» PROBLEM TO WORK ON: Write out nothing except the lines running from the one containing "DT Swiss / Oneup" to the last line of the data, exactly as they stand.

::::

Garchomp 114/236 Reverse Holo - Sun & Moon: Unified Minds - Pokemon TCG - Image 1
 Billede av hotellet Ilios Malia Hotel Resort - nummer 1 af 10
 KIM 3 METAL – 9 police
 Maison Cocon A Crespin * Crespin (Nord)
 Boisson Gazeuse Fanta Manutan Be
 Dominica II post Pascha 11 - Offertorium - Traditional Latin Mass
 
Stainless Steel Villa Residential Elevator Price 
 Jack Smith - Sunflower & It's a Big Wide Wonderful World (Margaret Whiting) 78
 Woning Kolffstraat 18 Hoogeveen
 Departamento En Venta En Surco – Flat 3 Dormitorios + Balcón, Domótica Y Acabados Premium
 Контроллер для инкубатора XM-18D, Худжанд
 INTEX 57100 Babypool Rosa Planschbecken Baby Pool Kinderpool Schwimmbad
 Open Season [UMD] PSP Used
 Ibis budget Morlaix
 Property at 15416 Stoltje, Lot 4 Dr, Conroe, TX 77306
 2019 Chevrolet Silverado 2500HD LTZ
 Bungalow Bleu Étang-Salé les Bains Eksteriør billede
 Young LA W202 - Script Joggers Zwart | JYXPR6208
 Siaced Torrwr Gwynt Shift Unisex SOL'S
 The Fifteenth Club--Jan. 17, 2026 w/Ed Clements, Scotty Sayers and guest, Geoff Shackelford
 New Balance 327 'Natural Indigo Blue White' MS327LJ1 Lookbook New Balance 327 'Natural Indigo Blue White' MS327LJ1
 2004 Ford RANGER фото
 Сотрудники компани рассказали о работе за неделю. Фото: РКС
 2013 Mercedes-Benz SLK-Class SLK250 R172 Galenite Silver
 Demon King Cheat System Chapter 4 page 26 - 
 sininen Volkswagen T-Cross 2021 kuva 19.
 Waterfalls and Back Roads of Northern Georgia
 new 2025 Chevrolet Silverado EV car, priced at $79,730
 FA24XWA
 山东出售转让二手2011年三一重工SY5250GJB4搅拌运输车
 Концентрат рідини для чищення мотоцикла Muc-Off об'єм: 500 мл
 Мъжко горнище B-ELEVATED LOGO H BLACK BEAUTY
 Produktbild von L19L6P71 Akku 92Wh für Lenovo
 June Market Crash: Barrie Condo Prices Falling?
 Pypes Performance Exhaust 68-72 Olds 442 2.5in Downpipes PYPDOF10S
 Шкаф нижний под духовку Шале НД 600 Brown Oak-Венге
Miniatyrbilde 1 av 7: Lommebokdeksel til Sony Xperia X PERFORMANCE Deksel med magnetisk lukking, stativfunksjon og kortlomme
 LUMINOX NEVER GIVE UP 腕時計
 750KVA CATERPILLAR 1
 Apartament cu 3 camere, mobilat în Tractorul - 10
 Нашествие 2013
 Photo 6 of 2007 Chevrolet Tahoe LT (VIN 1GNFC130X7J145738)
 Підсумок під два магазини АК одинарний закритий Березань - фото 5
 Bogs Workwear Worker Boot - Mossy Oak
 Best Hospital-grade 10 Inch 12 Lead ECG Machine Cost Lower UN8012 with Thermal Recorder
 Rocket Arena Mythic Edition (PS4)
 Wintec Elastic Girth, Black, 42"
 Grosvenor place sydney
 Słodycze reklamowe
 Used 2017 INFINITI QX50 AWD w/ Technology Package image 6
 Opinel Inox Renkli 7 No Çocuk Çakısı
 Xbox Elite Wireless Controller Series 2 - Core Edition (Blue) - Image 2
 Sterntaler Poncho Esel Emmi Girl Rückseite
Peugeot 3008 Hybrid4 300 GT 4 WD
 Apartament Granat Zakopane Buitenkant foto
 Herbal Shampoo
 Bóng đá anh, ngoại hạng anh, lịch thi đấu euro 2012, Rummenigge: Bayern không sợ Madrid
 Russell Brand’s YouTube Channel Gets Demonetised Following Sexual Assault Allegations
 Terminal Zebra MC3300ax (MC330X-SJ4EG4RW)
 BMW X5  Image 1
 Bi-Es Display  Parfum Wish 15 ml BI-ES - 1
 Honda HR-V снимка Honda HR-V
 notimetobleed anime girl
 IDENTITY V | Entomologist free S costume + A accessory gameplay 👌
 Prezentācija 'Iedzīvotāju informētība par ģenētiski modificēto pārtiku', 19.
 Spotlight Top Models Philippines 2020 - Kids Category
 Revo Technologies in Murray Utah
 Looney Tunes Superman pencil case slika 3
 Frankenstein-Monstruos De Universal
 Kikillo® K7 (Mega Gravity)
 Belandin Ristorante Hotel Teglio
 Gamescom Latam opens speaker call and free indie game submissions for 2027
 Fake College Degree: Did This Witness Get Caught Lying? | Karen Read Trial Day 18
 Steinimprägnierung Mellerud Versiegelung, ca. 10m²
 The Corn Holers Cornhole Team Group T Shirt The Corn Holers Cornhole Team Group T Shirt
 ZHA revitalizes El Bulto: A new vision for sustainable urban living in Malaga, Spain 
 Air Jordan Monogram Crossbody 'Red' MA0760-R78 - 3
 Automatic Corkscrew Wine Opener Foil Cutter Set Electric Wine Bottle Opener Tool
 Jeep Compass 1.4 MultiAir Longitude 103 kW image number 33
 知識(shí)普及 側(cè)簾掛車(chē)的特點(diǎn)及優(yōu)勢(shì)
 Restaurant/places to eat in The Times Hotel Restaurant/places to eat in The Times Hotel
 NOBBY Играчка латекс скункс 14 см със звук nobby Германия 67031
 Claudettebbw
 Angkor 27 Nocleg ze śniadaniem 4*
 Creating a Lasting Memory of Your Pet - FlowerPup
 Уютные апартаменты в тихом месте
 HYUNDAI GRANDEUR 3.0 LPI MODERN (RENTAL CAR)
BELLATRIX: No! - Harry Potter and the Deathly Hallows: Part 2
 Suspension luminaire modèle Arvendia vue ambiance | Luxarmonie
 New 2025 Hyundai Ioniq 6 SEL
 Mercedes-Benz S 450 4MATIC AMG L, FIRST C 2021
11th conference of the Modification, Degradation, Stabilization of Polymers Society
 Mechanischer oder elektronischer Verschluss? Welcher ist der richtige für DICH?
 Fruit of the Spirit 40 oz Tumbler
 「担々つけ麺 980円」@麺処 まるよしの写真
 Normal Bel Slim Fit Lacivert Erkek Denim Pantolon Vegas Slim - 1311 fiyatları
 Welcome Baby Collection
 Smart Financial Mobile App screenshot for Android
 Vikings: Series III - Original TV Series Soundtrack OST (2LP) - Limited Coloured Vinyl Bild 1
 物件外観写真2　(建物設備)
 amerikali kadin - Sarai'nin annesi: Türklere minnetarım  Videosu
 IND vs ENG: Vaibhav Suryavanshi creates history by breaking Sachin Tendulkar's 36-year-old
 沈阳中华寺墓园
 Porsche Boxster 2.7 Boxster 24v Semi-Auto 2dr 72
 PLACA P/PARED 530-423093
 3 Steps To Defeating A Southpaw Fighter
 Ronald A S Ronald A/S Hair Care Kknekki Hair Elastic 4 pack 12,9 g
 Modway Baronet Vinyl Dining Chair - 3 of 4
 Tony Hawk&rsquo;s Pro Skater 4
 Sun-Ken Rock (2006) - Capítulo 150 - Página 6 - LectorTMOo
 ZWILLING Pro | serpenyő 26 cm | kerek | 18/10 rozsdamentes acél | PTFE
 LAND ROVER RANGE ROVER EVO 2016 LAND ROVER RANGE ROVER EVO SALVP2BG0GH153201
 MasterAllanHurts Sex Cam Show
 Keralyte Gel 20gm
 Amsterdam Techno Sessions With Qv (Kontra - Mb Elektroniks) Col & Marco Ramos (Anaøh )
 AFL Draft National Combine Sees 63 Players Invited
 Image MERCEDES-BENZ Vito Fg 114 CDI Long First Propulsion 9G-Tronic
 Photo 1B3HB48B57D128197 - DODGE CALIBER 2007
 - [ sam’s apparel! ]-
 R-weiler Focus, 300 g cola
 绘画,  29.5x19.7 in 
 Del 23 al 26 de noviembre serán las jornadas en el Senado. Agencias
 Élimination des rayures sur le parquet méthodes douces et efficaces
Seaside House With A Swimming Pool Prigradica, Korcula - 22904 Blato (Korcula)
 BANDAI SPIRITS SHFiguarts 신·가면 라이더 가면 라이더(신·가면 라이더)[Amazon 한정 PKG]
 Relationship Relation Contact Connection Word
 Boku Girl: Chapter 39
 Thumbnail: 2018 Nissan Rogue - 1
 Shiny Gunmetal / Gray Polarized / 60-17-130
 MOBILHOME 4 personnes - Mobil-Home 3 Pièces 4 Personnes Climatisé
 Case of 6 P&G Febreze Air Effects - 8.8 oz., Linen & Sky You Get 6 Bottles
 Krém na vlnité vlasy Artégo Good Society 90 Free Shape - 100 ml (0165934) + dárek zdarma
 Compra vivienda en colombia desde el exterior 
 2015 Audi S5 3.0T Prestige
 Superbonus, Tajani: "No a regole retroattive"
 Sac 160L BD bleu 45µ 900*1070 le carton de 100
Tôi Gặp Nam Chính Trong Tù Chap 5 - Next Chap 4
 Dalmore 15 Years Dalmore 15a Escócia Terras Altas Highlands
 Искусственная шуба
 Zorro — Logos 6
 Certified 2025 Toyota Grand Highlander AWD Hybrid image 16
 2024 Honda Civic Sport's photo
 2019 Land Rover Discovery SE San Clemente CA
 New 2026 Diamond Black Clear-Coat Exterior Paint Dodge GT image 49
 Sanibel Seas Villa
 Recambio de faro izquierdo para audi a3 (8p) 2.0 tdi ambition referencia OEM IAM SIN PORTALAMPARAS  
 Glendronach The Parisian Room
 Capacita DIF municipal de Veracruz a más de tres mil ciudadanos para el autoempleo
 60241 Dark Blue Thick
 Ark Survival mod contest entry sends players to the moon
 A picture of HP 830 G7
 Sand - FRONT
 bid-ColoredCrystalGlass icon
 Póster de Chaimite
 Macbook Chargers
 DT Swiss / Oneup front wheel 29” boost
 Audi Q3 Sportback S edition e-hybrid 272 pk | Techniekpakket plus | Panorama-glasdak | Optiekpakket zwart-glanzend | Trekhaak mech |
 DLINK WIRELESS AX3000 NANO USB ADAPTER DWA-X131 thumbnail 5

::::

» RESPONSE AREA:
 DT Swiss / Oneup front wheel 29” boost
 Audi Q3 Sportback S edition e-hybrid 272 pk | Techniekpakket plus | Panorama-glasdak | Optiekpakket zwart-glanzend | Trekhaak mech |
 DLINK WIRELESS AX3000 NANO USB ADAPTER DWA-X131 thumbnail 5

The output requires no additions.